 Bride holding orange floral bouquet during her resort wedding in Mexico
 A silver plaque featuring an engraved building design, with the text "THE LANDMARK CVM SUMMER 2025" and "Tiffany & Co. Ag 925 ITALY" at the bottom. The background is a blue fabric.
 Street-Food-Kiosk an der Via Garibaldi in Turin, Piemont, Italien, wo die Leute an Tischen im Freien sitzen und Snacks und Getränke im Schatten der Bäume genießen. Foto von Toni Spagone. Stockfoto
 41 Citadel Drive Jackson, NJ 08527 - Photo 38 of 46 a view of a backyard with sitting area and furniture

__________

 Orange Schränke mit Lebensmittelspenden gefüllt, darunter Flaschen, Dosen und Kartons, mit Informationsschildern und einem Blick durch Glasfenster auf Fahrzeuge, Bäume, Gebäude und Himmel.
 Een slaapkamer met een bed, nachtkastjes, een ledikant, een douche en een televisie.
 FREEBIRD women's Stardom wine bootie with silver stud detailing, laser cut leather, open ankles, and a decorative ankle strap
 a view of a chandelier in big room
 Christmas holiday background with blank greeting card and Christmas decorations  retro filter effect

__________

### Directions
Go through the records above and copy each line where "Bäume" is found.

### Answer section
 Street-Food-Kiosk an der Via Garibaldi in Turin, Piemont, Italien, wo die Leute an Tischen im Freien sitzen und Snacks und Getränke im Schatten der Bäume genießen. Foto von Toni Spagone. Stockfoto
 Orange Schränke mit Lebensmittelspenden gefüllt, darunter Flaschen, Dosen und Kartons, mit Informationsschildern und einem Blick durch Glasfenster auf Fahrzeuge, Bäume, Gebäude und Himmel.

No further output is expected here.